| Given information |
◇ ◇ ◇
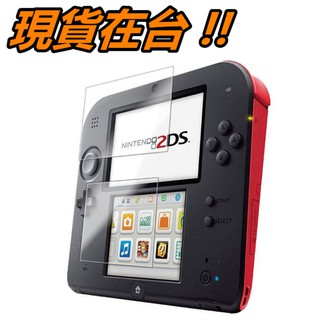 Nintendo 任天堂 2DS 保護貼 專用 螢幕保護貼 N2DS 上下螢幕 貼膜 防刮 耐磨 高清 疏油 軟性 保貼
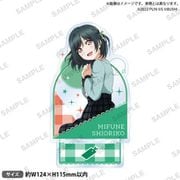 ラブライブ!スクールアイドルフェスティバル ALL STARS アクリルスタンド 2025 Autumn ver. 三船栞子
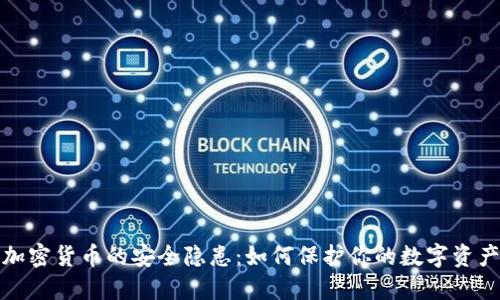 加密货币的安全隐患：如何保护你的数字资产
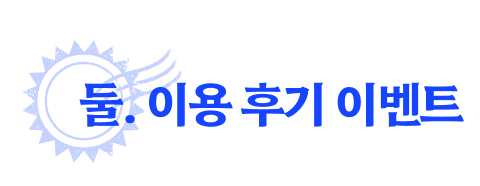 둘. 이용 후기 이벤트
◇ ◇ ◇
| Assignment |
Print the complete listing exactly as it stands, without its pictures.

| Result of this exercise |
 Nintendo 任天堂 2DS 保護貼 專用 螢幕保護貼 N2DS 上下螢幕 貼膜 防刮 耐磨 高清 疏油 軟性 保貼
 ラブライブ!スクールアイドルフェスティバル ALL STARS アクリルスタンド 2025 Autumn ver. 三船栞子
 加密货币的安全隐患：如何保护你的数字资产
 둘. 이용 후기 이벤트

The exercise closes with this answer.